[LU-14431] error messages that do not stop with newline Created: 13/Feb/21  Updated: 02/Nov/23  Resolved: 02/Nov/23

Status: Resolved
Project: Lustre
Component/s: None
Affects Version/s: Lustre 2.12.6
Fix Version/s: None

Type: Improvement Priority: Minor
Reporter: Li Xi Assignee: Feng Lei
Resolution: Fixed Votes: 0
Labels: easy

Issue Links:
Related
is related to LU-14475 Make too short log messages meanful Resolved
Rank (Obsolete): 9223372036854775807

 Description   

When I am using grep to check how many CERROR in the codes, I found there are still a dozen of error messages that do not end with a newline.
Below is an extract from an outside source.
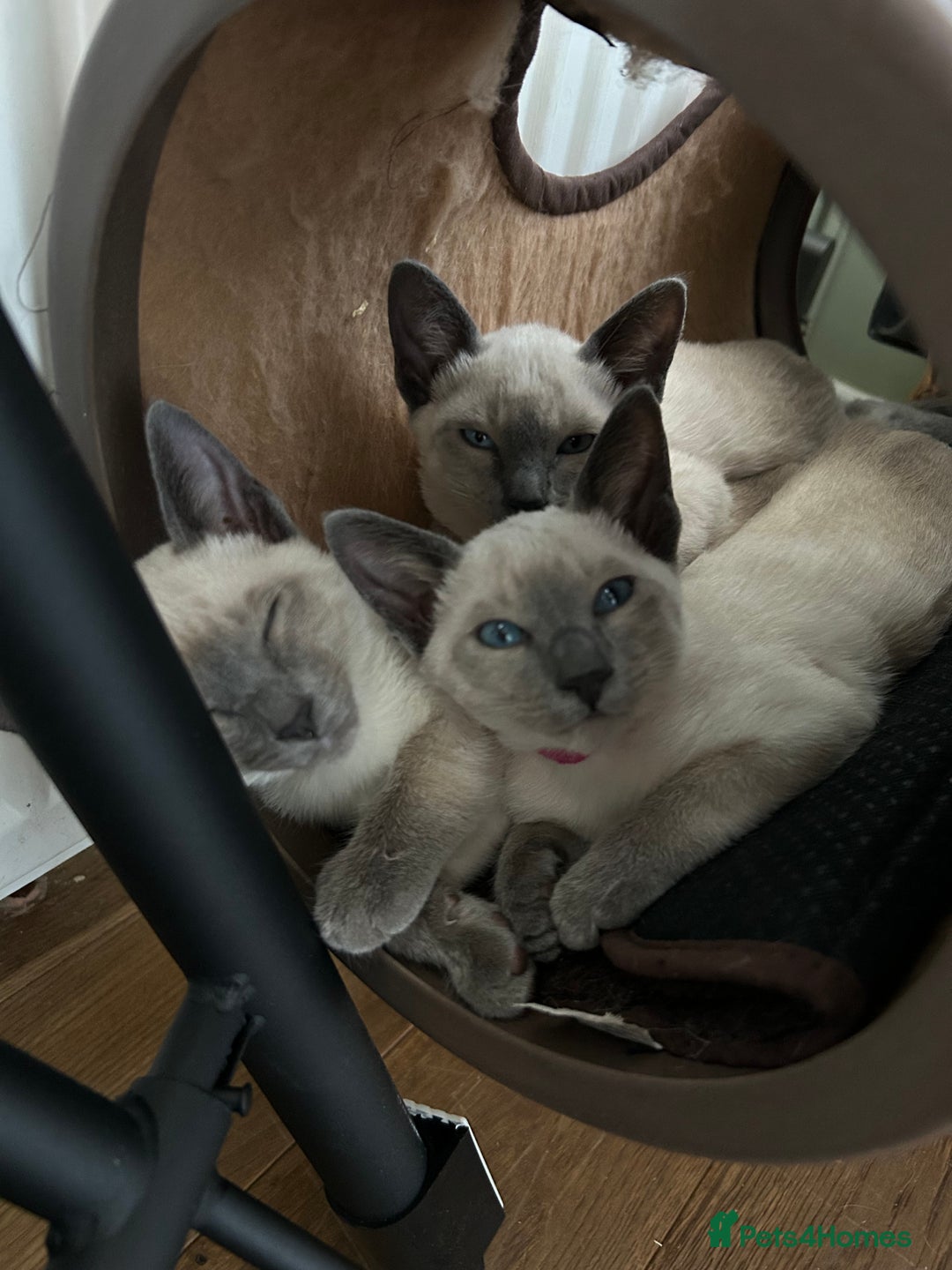 Siamese cats for sale: Orthodox Siamese - Advert 8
That will cause annoying messages in system log.

lnet/klnds/gnilnd/gnilnd_cb.c(2378):

			CERROR("Unexpected connstamp %#llx(%#llx expected)"
				" from %s", rxmsg->gnm_connstamp,
				found_conn->gnc_peer_connstamp,
				libcfs_nid2str(peer->gnp_nid));

lnet/klnds/gnilnd/gnilnd_conn.c(867):

			CERROR("Looking up network: device is in shutdown");

lustre/ptlrpc/service.c(731):

				CERROR("%s: invalid CPT pattern string: %s",
				       conf->psc_name, cconf->cc_pattern);

lustre/ptlrpc/ptlrpcd.c(754):

			CERROR("%s: invalid CPT pattern string: %s",
			       "ptlrpcd_cpts", ptlrpcd_cpts);

lustre/include/lustre_dlm.h(1159):

			CERROR("lock %p: delayed lvb init failed (rc %d)",
			       lock, rc);

lustre/quota/qmt_lock.c(761):

		CERROR("%s: failed to init env.", qmt->qmt_svname);

lustre/osd-ldiskfs/osd_handler.c(2377):

				CERROR("%s: unsupported checksum type of "
				       "T10PI type '%s'",
				       d->od_svname, name);

lustre/osd-ldiskfs/osd_handler.c(2382):

			CERROR("%s: unsupported T10PI type '%s'",
			       d->od_svname, name);

lustre/target/tgt_handler.c(945):

		CERROR("No target passed");

lustre/obdclass/lprocfs_status.c(78):

		CERROR("LprocFS: No memory to create <debugfs> entry %s", name);


 Comments   
Comment by Andreas Dilger [ 13/Feb/21 ]

These should also be converted to be single-line strings. 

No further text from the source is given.